WORK ITEM>
The copy you return must begin at the line containing "used 2024 Acura RDX car, priced at $38,495" and end at the final line of the listing below, with every picture left out.

RECORDS SUPPLIED>
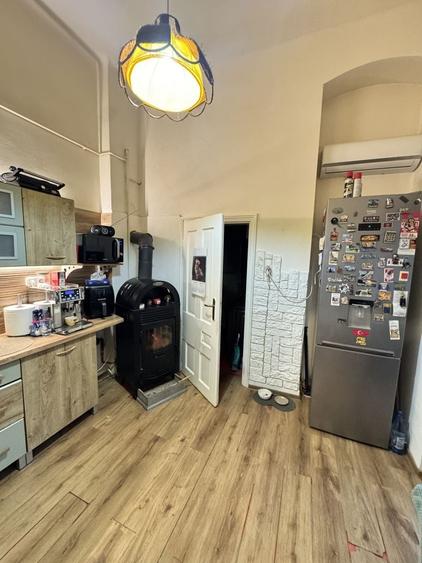 Apartament cu 4 camere semidecomandat în Central
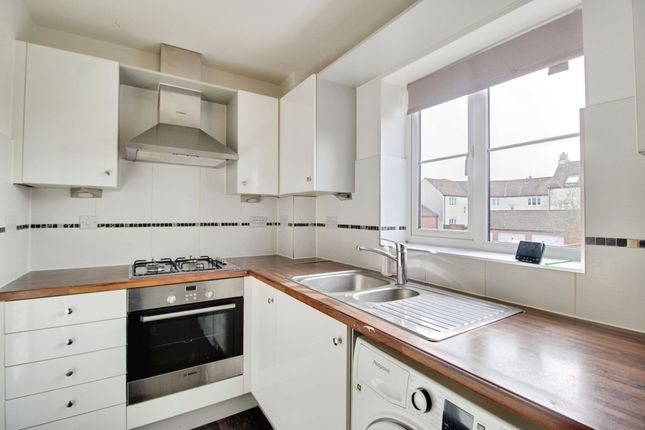 32 Vaughan Williams Way, Swindon photo 4
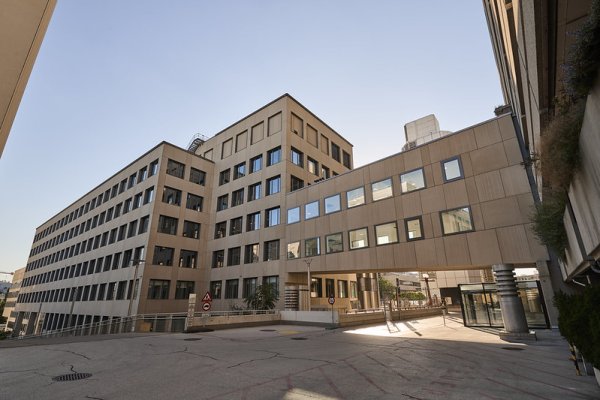 Ein Foto eines neuen Medizinzentrums am Campus des AKH
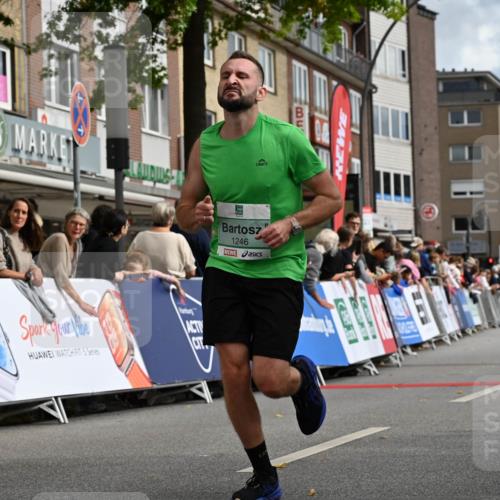 20.09.2026 - PSD Bank Halbmarathon J. Mangold http://msf.ph/oto/10508515 20.09.2026 11:30:20 Ziel 1246, 2240, 2369, 2771, 3119 meine-sportfotos.de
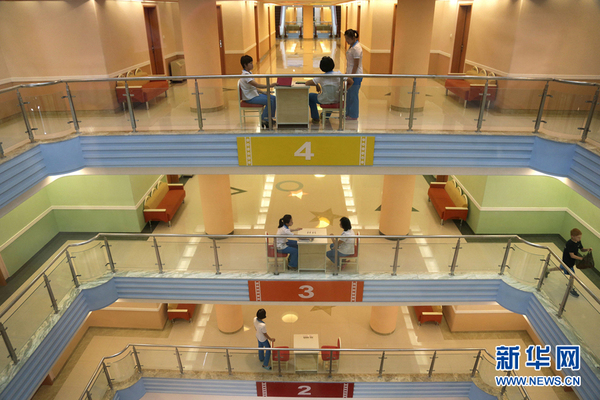 韓媒:金正日母校校車墜谷致逾50死 多名高干子女罹難 當地時間7月29日,朝鮮元山,松濤園國際少年團夏令營的宿舍。(圖片來源:東方IC)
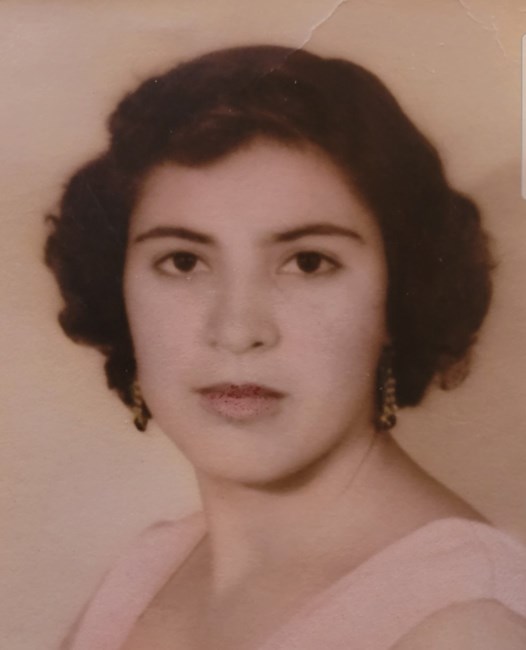 Obituario de Consuelo G Garza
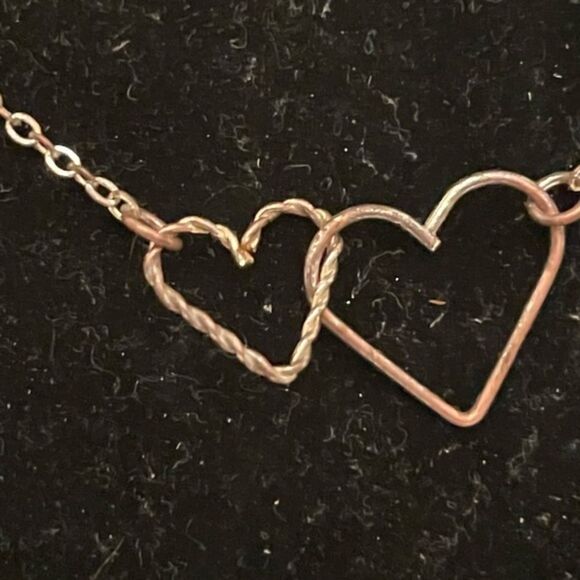 16” gold tone necklace with two interlocking open hearts pendant - Picture 6 of 8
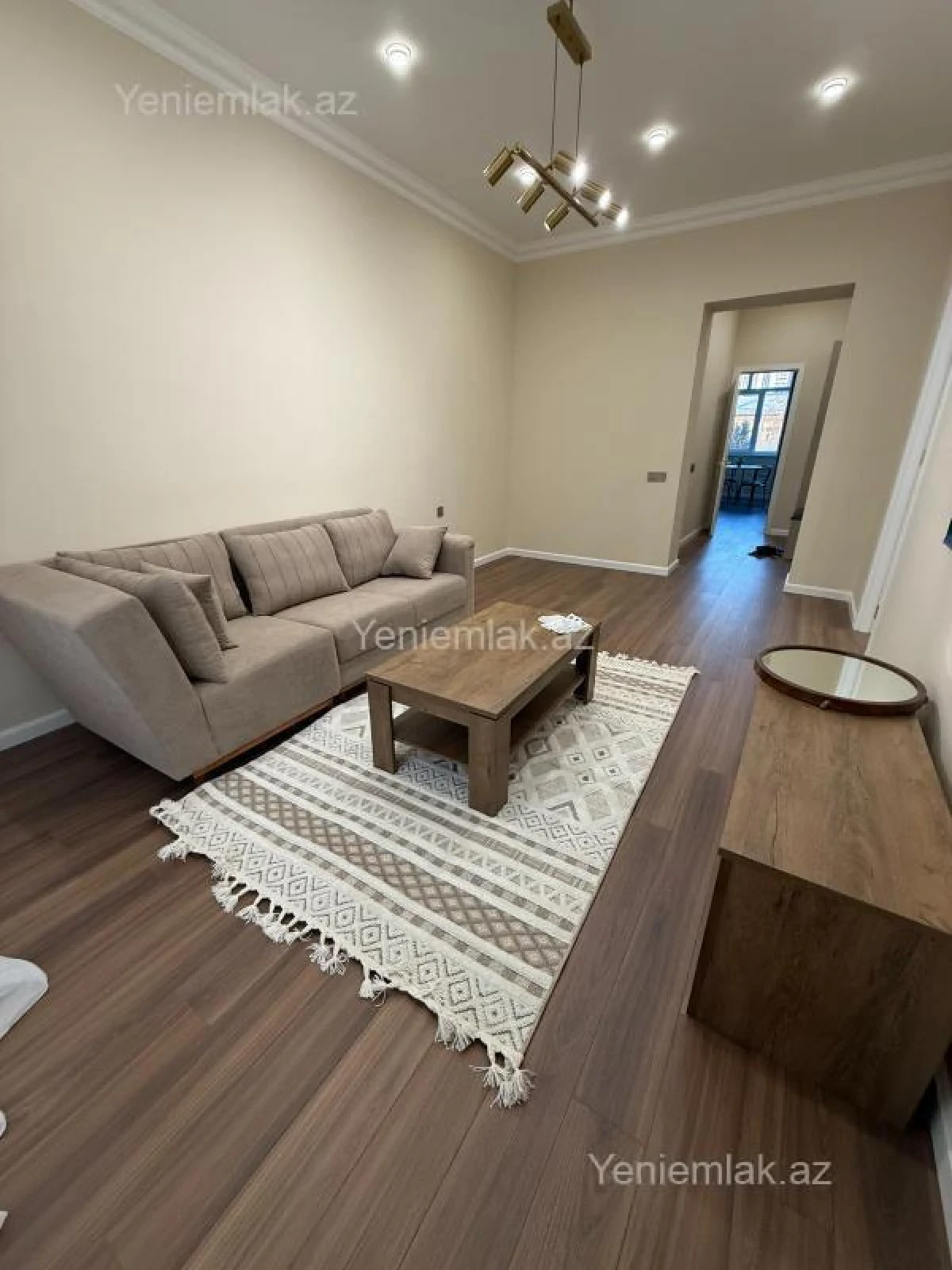 Satılır 2 otaqlı köhnə tikili 63 m²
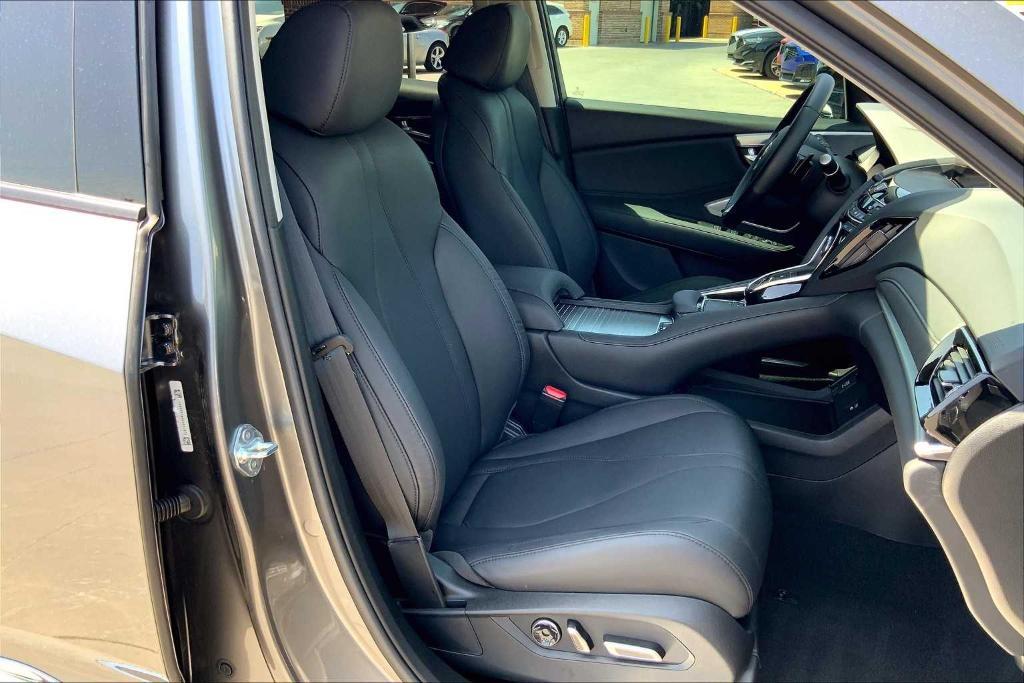 used 2024 Acura RDX car, priced at $38,495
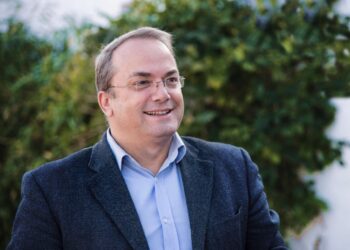 Καλοκαίρι με Θέα… Τέχνη: Πολιτιστικό ταξίδι σε Βάρη, Βούλα, Βουλιαγμένη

RESULT OF THIS EXERCISE>
 used 2024 Acura RDX car, priced at $38,495
 Καλοκαίρι με Θέα… Τέχνη: Πολιτιστικό ταξίδι σε Βάρη, Βούλα, Βουλιαγμένη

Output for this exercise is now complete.